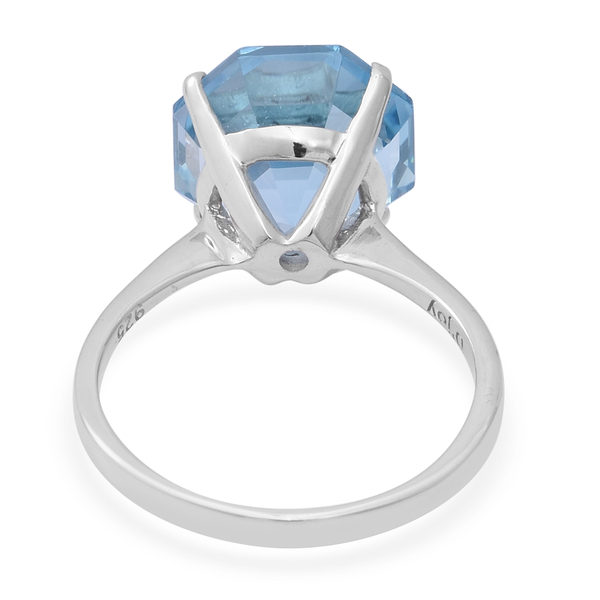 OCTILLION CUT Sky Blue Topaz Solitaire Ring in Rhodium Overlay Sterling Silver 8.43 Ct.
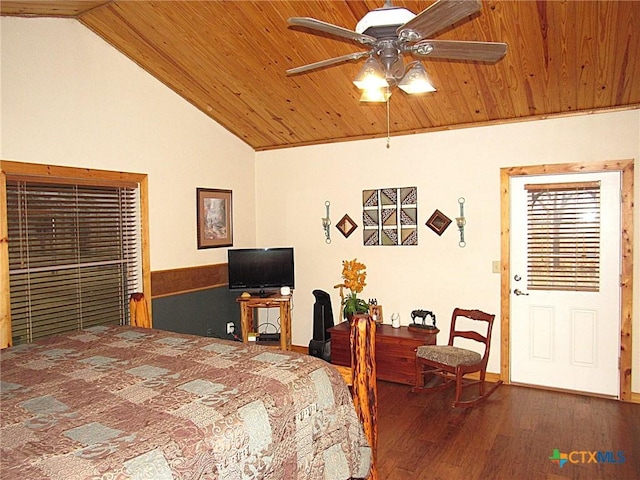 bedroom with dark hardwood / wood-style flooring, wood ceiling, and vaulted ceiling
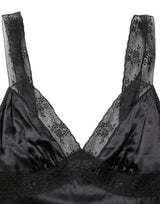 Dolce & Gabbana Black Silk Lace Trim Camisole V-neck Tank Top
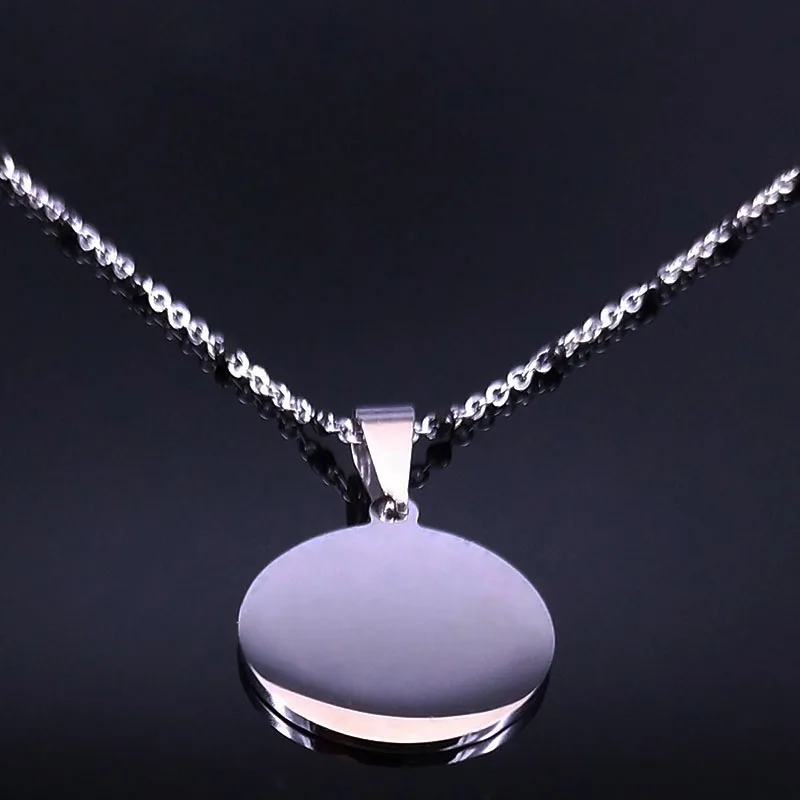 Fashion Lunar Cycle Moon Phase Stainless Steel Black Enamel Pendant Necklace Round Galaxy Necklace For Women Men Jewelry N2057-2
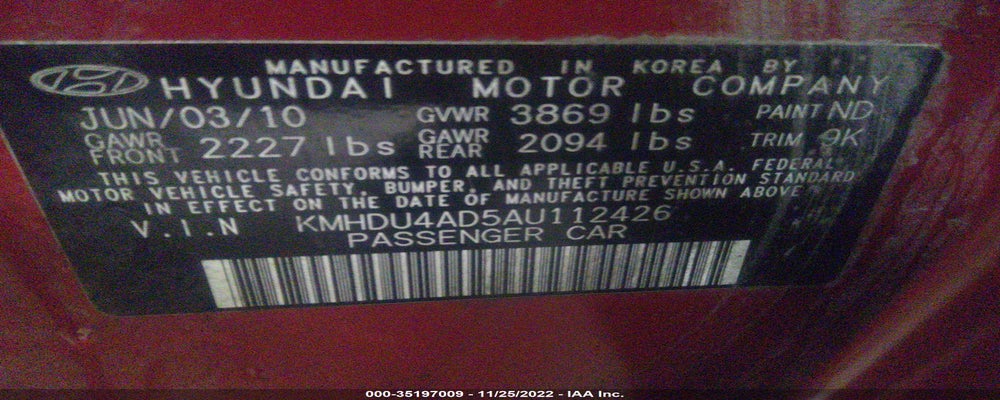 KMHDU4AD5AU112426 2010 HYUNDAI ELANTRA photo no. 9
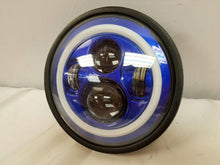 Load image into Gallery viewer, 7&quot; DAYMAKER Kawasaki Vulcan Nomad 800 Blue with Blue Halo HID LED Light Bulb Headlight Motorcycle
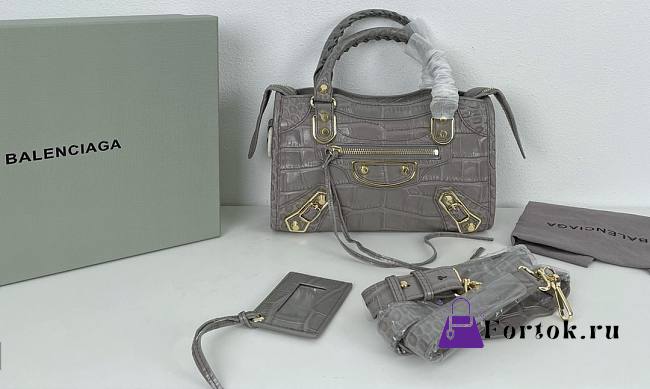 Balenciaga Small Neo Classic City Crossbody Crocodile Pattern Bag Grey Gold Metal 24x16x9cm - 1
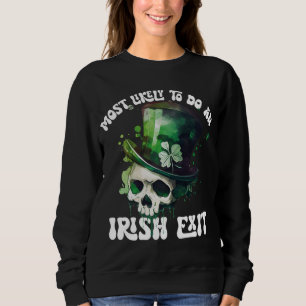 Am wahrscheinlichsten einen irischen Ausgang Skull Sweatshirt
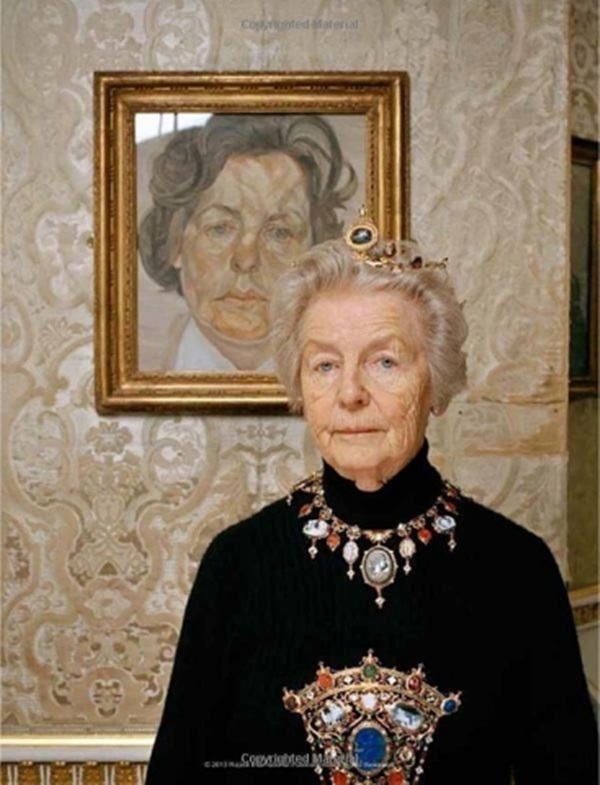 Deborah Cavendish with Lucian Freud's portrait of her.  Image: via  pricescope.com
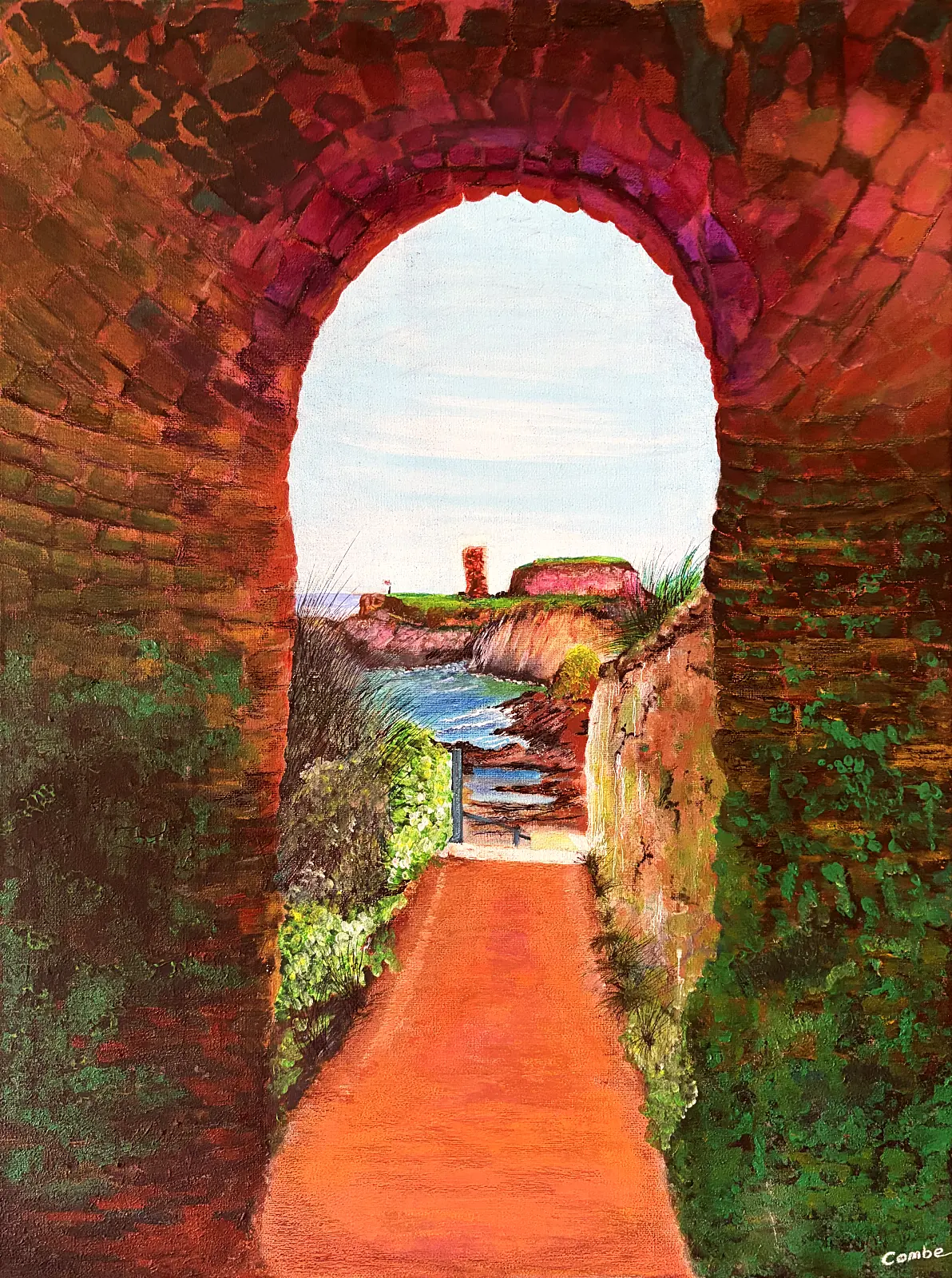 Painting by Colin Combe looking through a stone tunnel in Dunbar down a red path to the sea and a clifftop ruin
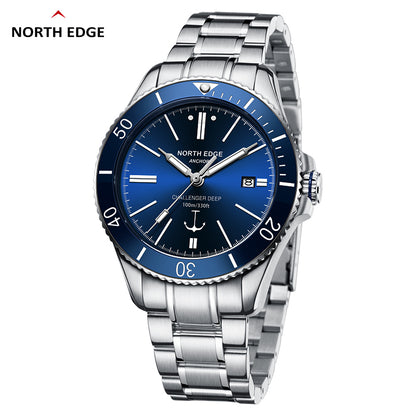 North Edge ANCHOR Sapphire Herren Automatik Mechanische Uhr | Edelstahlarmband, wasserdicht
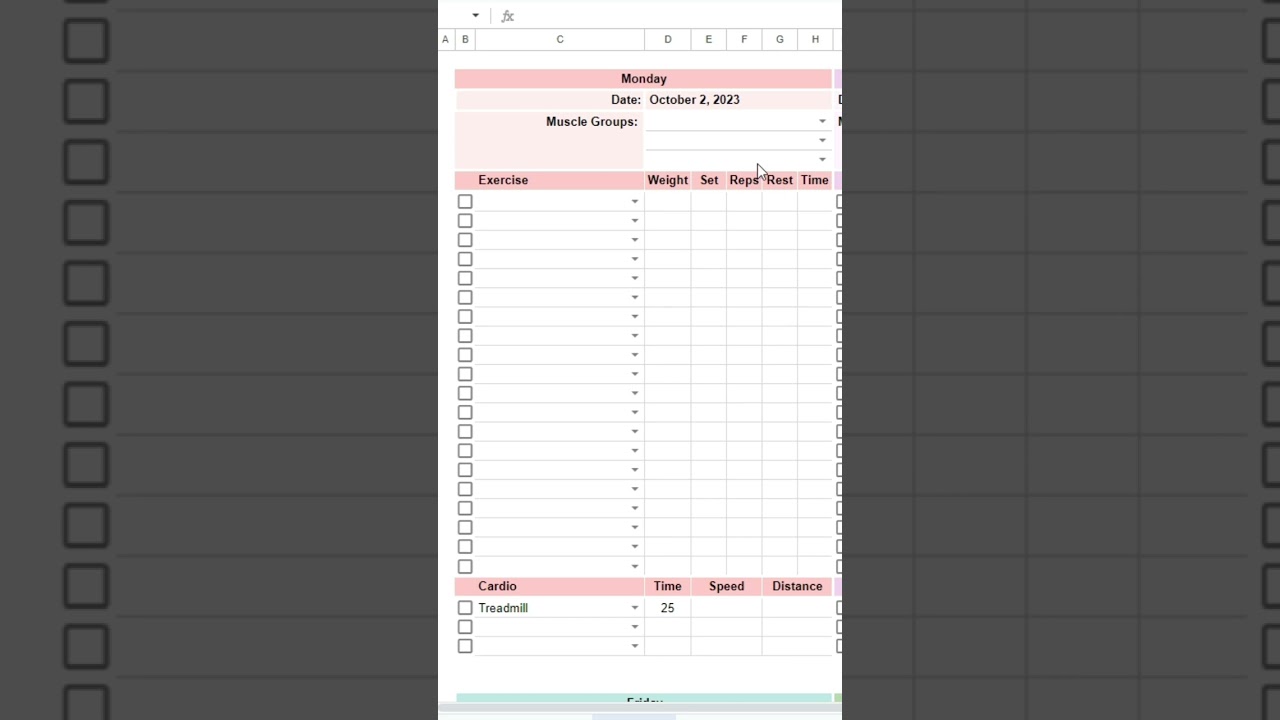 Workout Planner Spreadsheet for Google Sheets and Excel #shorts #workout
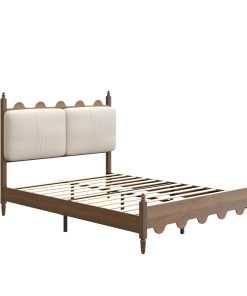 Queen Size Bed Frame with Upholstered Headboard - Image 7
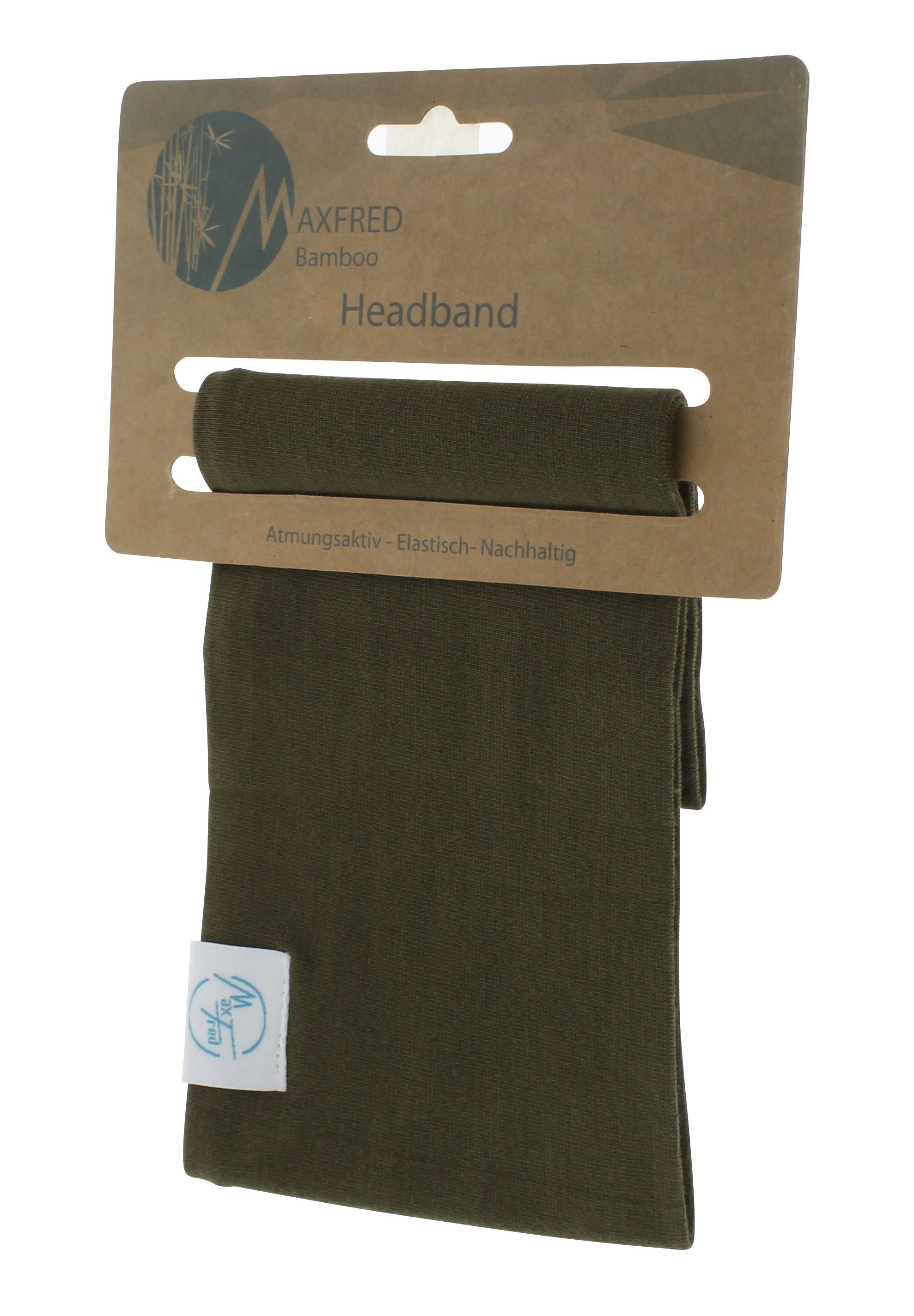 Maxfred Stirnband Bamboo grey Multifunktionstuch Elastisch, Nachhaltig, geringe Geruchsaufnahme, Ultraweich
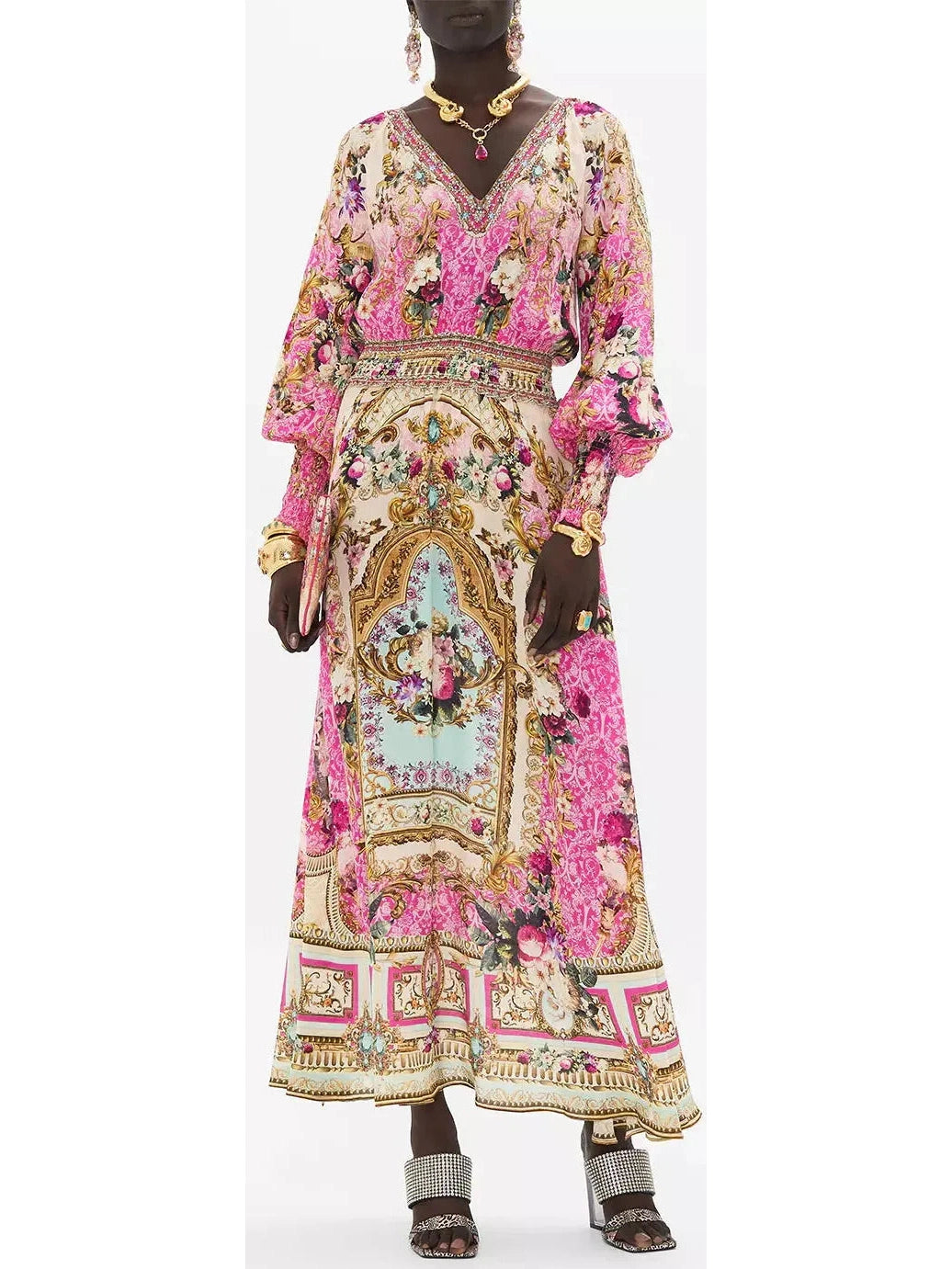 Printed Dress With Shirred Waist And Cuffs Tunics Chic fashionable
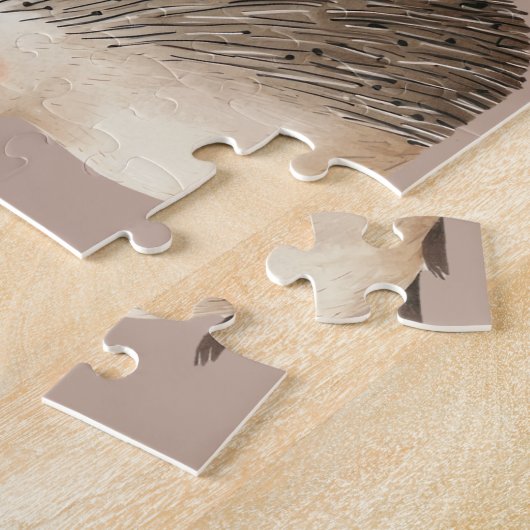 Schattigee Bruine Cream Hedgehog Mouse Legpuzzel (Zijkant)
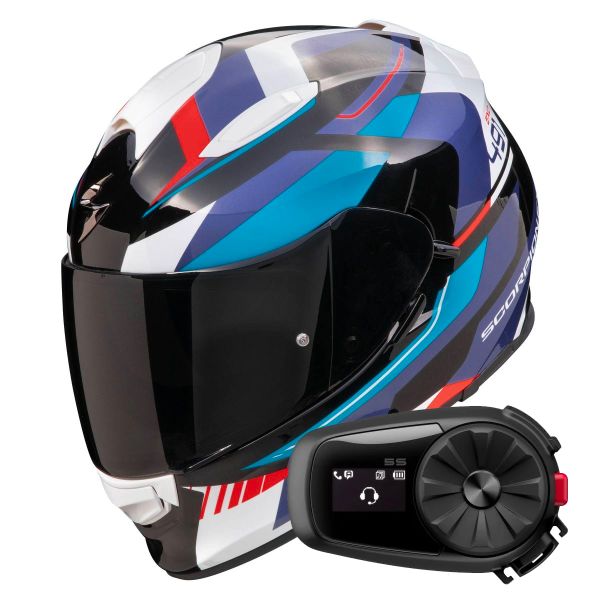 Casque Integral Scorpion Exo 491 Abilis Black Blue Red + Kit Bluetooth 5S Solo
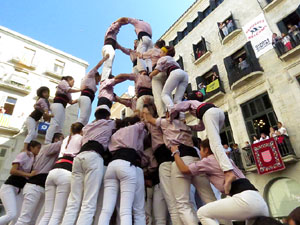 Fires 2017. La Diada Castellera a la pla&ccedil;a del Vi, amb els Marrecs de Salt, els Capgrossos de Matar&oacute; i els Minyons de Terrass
* * *
→ What is being asked
Pictures are to be left out, and the lines from the beginning of the records through the line with "Dolce & Gabbana" are to be printed exactly, with nothing added.

→ Response to this exercise
 OCTILLION CUT Sky Blue Topaz Solitaire Ring in Rhodium Overlay Sterling Silver 8.43 Ct.
 bedroom with dark hardwood / wood-style flooring, wood ceiling, and vaulted ceiling
 Dolce & Gabbana Black Silk Lace Trim Camisole V-neck Tank Top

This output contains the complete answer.